Review of "Beyond Belief"

This thought-provoking and important book shows how people are drawn toward dangerous beliefs.
“Belief can manifest itself in world-changing ways—and did, in some of history’s ugliest moments, from the rise of Adolf Hitler to the Jonestown mass suicide in 1979. Arthur Janov, a renowned psychologist who penned The Primal Scream, fearlessly tackles the subject of why and how strong believers willingly embrace even the most deranged leaders.
Beyond Belief begins with a lucid explanation of belief systems that, writes Janov, “are maps, something to help us navigate through life more effectively.” While belief systems are not presented as inherently bad, the author concentrates not just on why people adopt belief systems, but why “alienated individuals” in particular seek out “belief systems on the fringes.” The result is a book that is both illuminating and sobering. It explores, for example, how a strongly-held belief can lead radical Islamist jihadists to murder others in suicide acts. Janov writes, “I believe if people had more love in this life, they would not be so anxious to end it in favor of some imaginary existence.”
One of the most compelling aspects of Beyond Belief is the author’s liberal use of case studies, most of which are related in the first person by individuals whose lives were dramatically affected by their involvement in cults. These stories offer an exceptional perspective on the manner in which belief systems can take hold and shape one’s experiences. Joan’s tale, for instance, both engaging and disturbing, describes what it was like to join the Hare Krishnas. Even though she left the sect, observing that participants “are stunted in spiritual awareness,” Joan considers returning someday because “there’s a certain protection there.”
Janov’s great insight into cultish leaders is particularly interesting; he believes such people have had childhoods in which they were “rejected and unloved,” because “only unloved people want to become the wise man or woman (although it is usually male) imparting words of wisdom to others.” This is just one reason why Beyond Belief is such a thought-provoking, important book.”
Barry Silverstein, Freelance Writer

Quotes for "Life Before Birth"

“Life Before Birth is a thrilling journey of discovery, a real joy to read.
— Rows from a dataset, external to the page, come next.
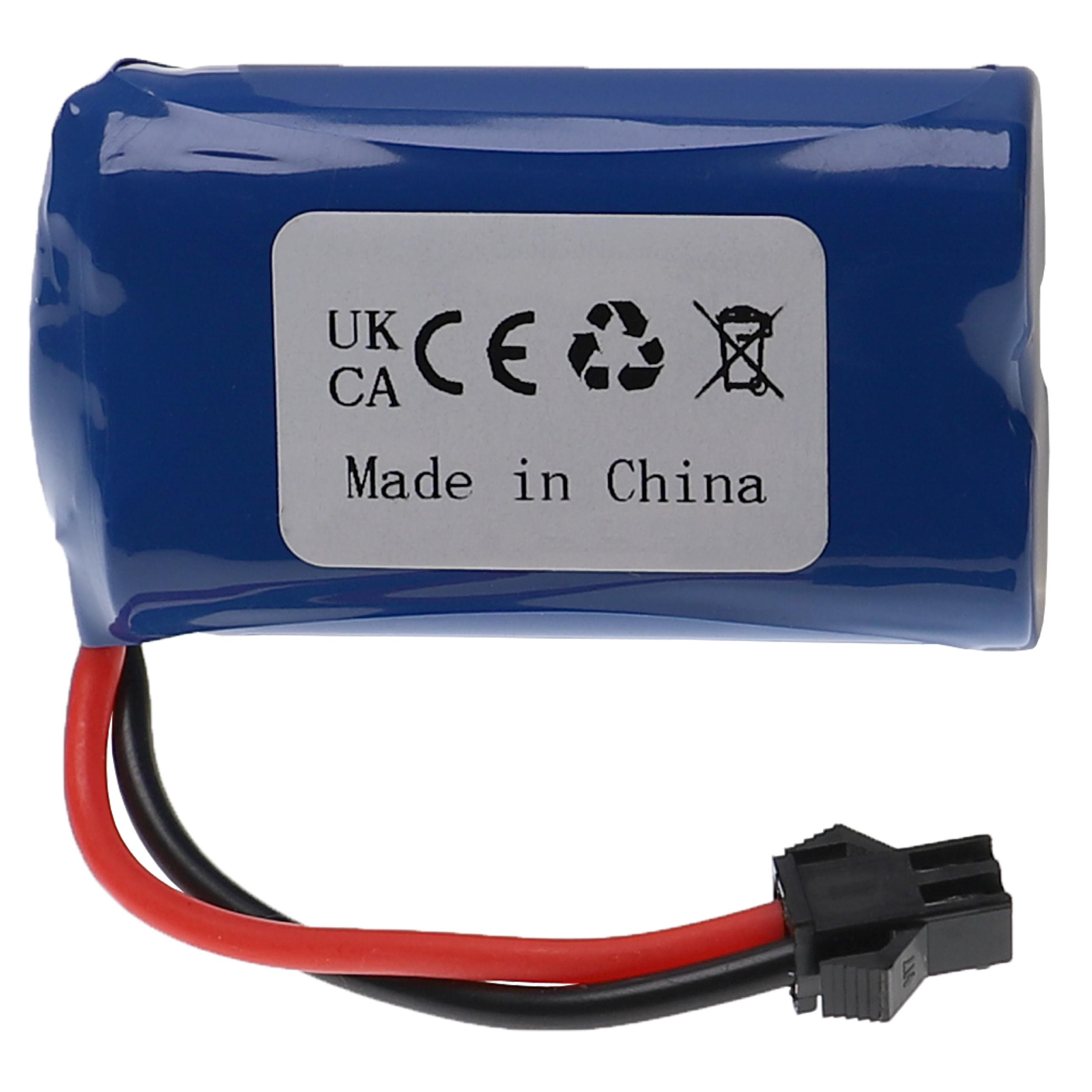 Ein blaues Akkupack mit weißem Etikett, schwarzen und roten Drähten und einem schwarzen Stecker. Auf dem Etikett steht 'Made in China'.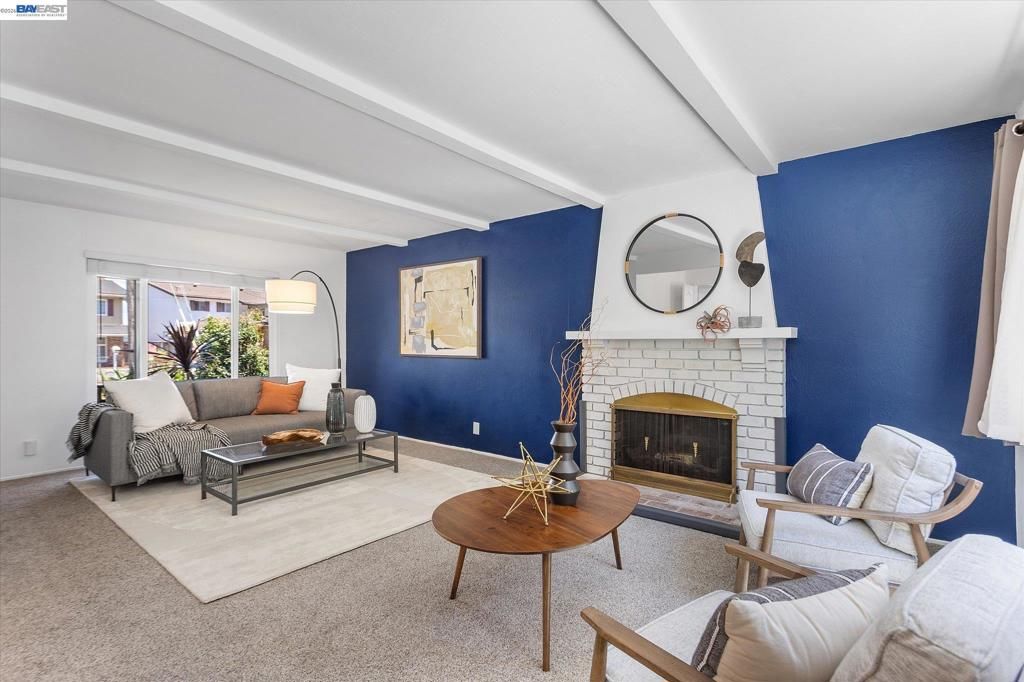 Image 13 of property listing at 16683 Kildare Rd, Castro Valley, CA 94578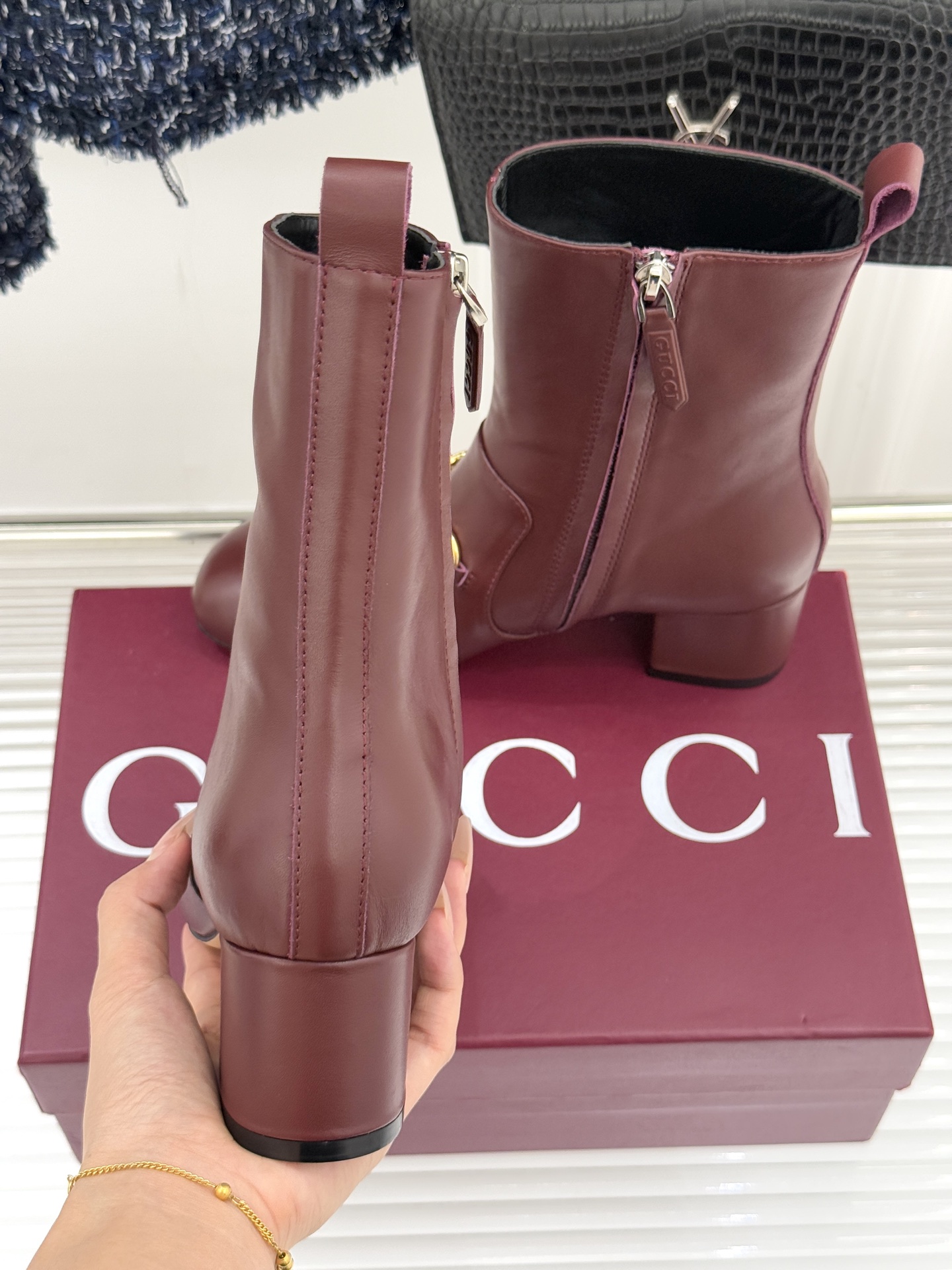 Gucci/古驰25WF新品马衔扣圆头粗跟短靴这款短靴以标志性马衔扣贯穿设计古银镀层雕琢出时光质感成为鞋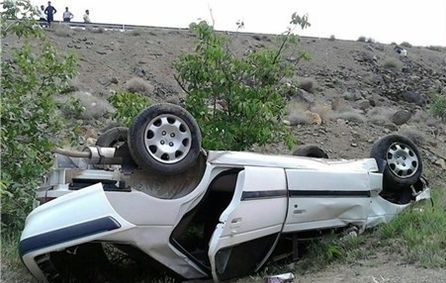واژگونی خودرو حادثه آفرید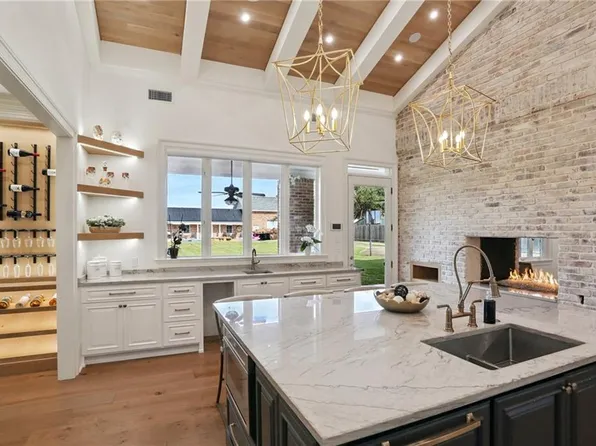 67 Elmwood Dr, Destrehan, LA 70047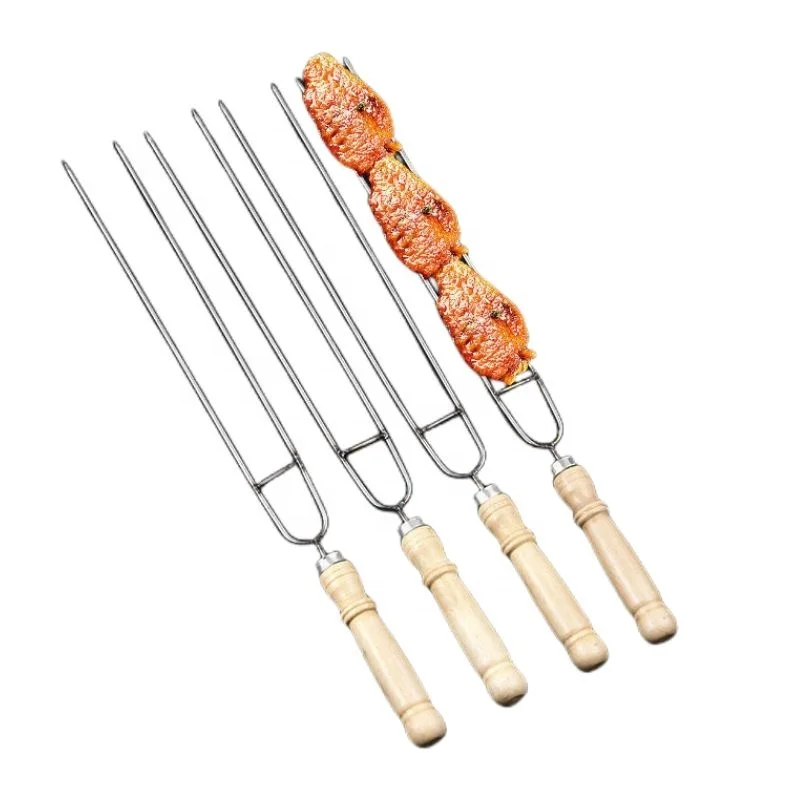 Best-selling barbecue fork stainless steel non-magnetic roast needle chicken wings wooden handle roast lamb leg tool accessories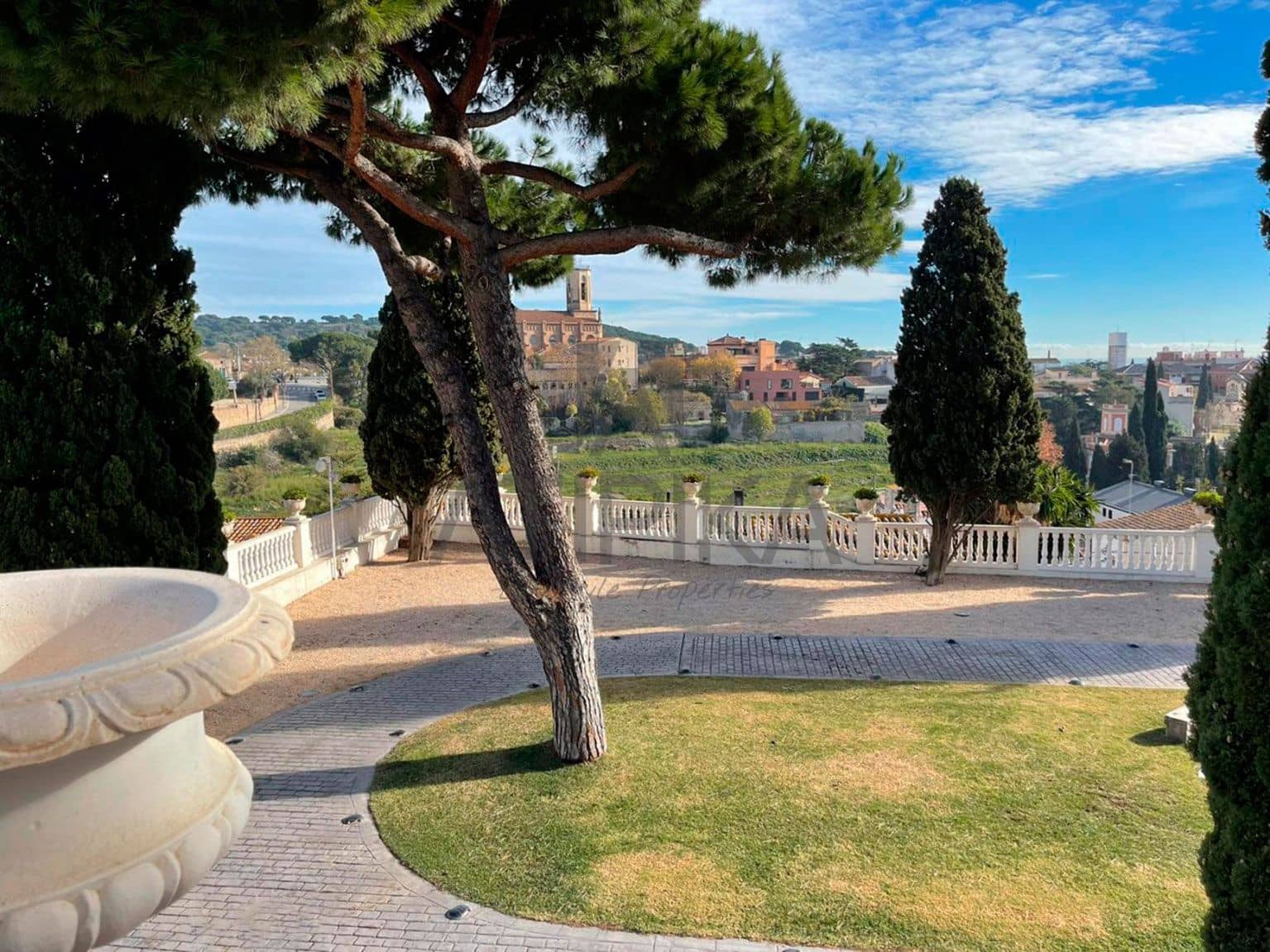 9 camera da letto Villa in vendita in Tiana con piscina garage - 1.950.000 € (Rif: 10145706)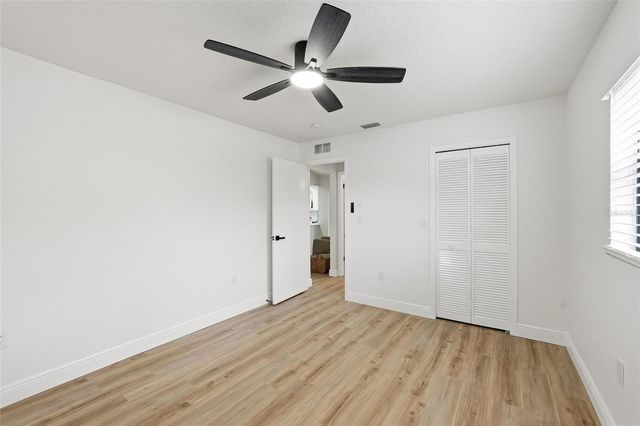 185 FOXCROFT DRIVE W, Palm Harbor, FL 34683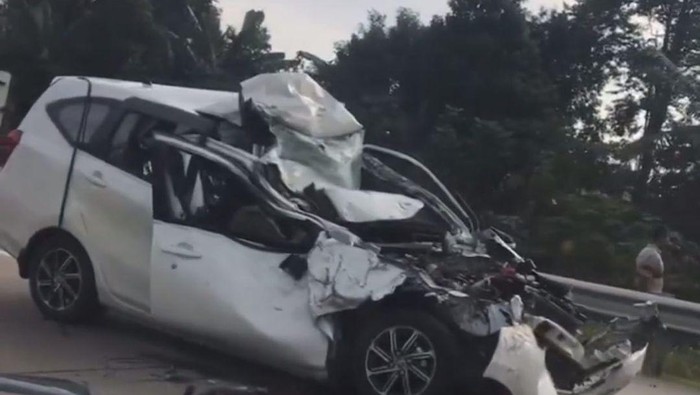 Kondisi mobil yang mengalami kecelakaan di Tol Jagorawi mengalami kerusakan parah, Selasa (28/12/2021).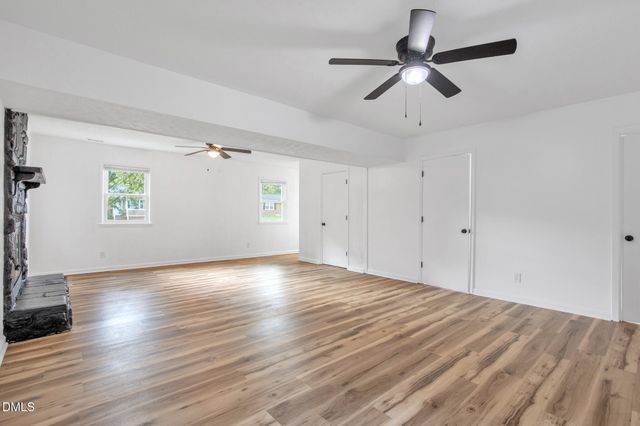 1515 Grandview Drive, Fayetteville, NC 28314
Janov writes like no one else on the human mind—engaging, brilliant, passionate, and honest.
He is the best writer today on what makes us human—he shows us how the mind works, how it goes wrong, and how to put it right . . . He presents a brand-new approach to dealing with depression, emotional pain, anxiety, and addiction.”
Paul Thompson, PhD, Professor of Neurology, UCLA School of Medicine

Art Janov, one of the pioneers of fetal and early infant experiences and future mental health issues, offers a robust vision of how the earliest traumas of life can percolate through the brains, minds and lives of individuals. He focuses on both the shifting tides of brain emotional systems and the life-long consequences that can result, as well as the novel interventions, and clinical understanding, that need to be implemented in order to bring about the brain-mind changes that can restore affective equanimity. The transitions from feelings of persistent affective turmoil to psychological wholeness, requires both an understanding of the brain changes and a therapist that can work with the affective mind at primary-process levels. Life Before Birth, is a manifesto that provides a robust argument for increasing attention to the neuro-mental lives of fetuses and infants, and the widespread ramifications on mental health if we do not. Without an accurate developmental history of troubled minds, coordinated with a recognition of the primal emotional powers of the lowest ancestral regions of the human brain, therapists will be lost in their attempt to restore psychological balance.
Jaak Panksepp, Ph.D.
Bailey Endowed Chair of Animal Well Being Science
Washington State University

Dr. Janov’s essential insight—that our earliest experiences strongly influence later well being—is no longer in doubt. Thanks to advances in neuroscience, immunology, and epigenetics, we can now see some of the mechanisms of action at the heart of these developmental processes. His long-held belief that the brain, human development, and psychological well being need to studied in the context of evolution—from the brainstem up—now lies at the heart of the integration of neuroscience and psychotherapy.
Grounded in these two principles, Dr. Janov continues to explore the lifelong impact of prenatal, birth, and early experiences on our brains and minds. Simultaneously “old school” and revolutionary, he synthesizes traditional psychodynamic theories with cutting-edge science while consistently highlighting the limitations of a strict, “top-down” talking cure. Whether or not you agree with his philosophical assumptions, therapeutic practices, or theoretical conclusions, I promise you an interesting and thought-provoking journey.
Lou Cozolino, PsyD, Professor of Psychology, Pepperdine University


In Life Before Birth Dr. Arthur Janov illuminates the sources of much that happens during life after birth. Lucidly, the pioneer of primal therapy provides the scientific rationale for treatments that take us through our original, non-verbal memories—to essential depths of experience that the superficial cognitive-behavioral modalities currently in fashion cannot possibly touch, let alone transform.
Gabor Maté MD, author of In The Realm of Hungry Ghosts: Close Encounters With Addiction

An expansive analysis! This book attempts to explain the impact of critical developmental windows in the past, implores us to improve the lives of pregnant women in the present, and has implications for understanding our children, ourselves, and our collective future. I’m not sure whether primal therapy works or not, but it certainly deserves systematic testing in well-designed, assessor-blinded, randomized controlled clinical trials.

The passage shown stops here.